We provide two additional microbenchmarks that can be used to determine the presence or absence of the cache policies commonly known as allocate-on-write and writethrough.

Our analysis indicate that our microbenchmarks will deliver correct results for a wide variety of cache architectures. In particular, and unlike Saavedra and Smith[9], we do not assume that a particular bit-selection function is used to compute the set-index for a cache reference and the cache capacity is not necessarily a power of two. We assume only that the set-index mapping function (along with the cache's associativity and replacement logic) will provide conflict-free access to any aligned array whose size does not exceed the total capacity of the cache. For example, our microbenchmarks are applicable to caching systems with "random" [11] or "EE-XOR" [7] set-indexing functions.

Smith did not discover any advantage in "random" over bitselection functions [11], however a more recent study of a particular set-indexing function has shown great advantage on some codes, and no significant disadvantage [7]. It therefore seems prudent to design a microbenchmark that gives correct results even if the bit-selection function is not employed.
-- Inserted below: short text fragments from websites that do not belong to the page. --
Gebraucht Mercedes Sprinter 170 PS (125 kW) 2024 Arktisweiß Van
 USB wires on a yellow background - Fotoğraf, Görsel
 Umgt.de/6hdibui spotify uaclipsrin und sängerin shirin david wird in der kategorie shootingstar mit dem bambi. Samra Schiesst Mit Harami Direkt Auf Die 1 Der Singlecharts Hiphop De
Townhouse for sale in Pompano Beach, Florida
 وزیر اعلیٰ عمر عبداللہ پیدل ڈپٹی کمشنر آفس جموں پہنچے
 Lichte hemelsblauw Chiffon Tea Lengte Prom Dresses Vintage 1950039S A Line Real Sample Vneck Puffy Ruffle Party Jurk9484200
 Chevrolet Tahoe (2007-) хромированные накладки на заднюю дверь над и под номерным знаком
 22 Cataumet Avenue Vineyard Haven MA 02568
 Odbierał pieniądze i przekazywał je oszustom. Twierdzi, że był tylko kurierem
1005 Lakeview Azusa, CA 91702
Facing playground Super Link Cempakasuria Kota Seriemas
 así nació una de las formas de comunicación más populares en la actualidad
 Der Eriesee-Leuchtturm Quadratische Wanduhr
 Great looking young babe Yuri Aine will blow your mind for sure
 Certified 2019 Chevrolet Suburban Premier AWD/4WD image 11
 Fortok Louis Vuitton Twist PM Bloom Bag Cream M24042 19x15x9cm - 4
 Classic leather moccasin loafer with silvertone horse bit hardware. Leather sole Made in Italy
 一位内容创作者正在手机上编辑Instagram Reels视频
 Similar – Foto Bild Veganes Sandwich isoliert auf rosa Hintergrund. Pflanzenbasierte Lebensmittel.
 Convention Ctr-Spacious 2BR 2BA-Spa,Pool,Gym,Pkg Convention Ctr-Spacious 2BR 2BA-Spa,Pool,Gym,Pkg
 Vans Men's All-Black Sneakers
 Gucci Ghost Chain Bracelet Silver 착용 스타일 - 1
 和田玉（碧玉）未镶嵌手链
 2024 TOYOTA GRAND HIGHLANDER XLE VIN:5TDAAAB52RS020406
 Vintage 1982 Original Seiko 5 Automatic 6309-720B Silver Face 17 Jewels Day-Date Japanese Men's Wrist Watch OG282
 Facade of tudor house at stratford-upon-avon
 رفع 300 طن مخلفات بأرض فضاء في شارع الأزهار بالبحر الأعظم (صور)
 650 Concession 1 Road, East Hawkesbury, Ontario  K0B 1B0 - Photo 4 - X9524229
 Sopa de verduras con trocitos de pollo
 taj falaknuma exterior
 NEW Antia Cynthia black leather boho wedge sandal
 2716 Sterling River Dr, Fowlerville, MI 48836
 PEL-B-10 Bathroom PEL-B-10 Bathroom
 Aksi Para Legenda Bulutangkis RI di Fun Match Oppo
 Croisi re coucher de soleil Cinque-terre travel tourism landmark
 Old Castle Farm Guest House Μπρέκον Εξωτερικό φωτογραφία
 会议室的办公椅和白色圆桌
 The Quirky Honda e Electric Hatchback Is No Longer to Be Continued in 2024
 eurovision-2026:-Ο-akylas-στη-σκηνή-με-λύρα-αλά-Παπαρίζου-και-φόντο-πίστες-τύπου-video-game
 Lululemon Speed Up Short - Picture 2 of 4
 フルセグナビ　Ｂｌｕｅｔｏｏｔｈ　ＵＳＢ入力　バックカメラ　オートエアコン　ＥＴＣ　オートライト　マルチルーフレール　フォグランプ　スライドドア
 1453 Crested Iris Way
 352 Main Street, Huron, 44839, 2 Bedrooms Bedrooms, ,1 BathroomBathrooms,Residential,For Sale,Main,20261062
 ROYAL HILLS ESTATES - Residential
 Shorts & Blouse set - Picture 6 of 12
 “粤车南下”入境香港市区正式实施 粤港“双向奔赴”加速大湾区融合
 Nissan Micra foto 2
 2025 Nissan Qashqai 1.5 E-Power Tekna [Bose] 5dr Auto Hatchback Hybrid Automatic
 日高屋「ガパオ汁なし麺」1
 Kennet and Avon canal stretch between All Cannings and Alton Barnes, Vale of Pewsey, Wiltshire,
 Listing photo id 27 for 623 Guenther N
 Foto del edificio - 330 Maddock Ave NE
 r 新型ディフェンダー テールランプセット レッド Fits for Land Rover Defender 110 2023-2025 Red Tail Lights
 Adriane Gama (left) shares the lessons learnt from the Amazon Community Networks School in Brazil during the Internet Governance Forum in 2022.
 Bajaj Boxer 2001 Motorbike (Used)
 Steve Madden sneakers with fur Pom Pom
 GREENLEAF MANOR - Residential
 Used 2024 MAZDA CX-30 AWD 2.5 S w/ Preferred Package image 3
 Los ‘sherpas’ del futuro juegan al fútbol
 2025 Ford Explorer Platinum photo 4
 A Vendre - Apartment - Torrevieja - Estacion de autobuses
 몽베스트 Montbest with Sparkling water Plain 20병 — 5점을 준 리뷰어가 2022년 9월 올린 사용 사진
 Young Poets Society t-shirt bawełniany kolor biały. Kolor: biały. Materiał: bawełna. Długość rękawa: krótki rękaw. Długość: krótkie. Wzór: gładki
To date, we have tested the accuracy of our microbenchmarks on two workstations with different cache structures. Our experimental results, from a 180MHz Pentium Pro workstation and a 200MHz Pentium MMX workstation, are in agreement with the manufacturer's representations about their CPU chip's primary cache capacity, associativity, block size, and write policy.

# 2. Assumptions and notation

In order to estimate cache parameters, we must make some assumptions about the computer system of which the cache is a part. In particular, we make the following assumptions about the way in which a computer would execute a timed loop such as the one shown in Figure 1.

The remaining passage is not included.